The Government are committed to strengthening the links between the four nations of the Union. The Prime Minister is taking personal charge, as Minister for the Union, supported by the Cabinet Office. We have boosted spending across the Union, including a further £300 million of new growth deal funding, which will open up opportunities for cities and regions across Wales, Scotland and Northern Ireland.
We are arguably the greatest Union the world has ever seen. We have done so much for mankind and democracy across the world for generations. Does my right hon. Friend agree that we would be foolish to throw away this most valuable of Unions on what I believe is a passing whim?
As ever, I agree with my hon. Friend. I am pleased to see that his powers of oration have not dimmed. Ours is the most successful political and economic Union in history, and our four nations are safer, stronger and more prosperous together. We are deeply committed to keeping our family of nations together.
Anybody would think the hon. Member for Clacton (Giles Watling) had once been an actor.
In a week in which we have seen a poll indicate that more voters support independence, threatening to split the Union, can my right hon.
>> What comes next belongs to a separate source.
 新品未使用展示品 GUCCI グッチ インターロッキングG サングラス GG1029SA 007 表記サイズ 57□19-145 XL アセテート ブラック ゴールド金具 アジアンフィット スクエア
Friend tell me what work he is doing to build on the last Administration’s work to get UK Departments engaging with, and getting more of a presence in, the devolved nations?
My hon. Friend makes an important point. We have introduced new measures to ensure that the Union and devolved matters are properly considered as part of the process for developing and agreeing Government policy. Lord Dunlop’s independent review of UK Government capability will report in the autumn and make recommendations on how UK Government structures can continue to strengthen the working of the Union.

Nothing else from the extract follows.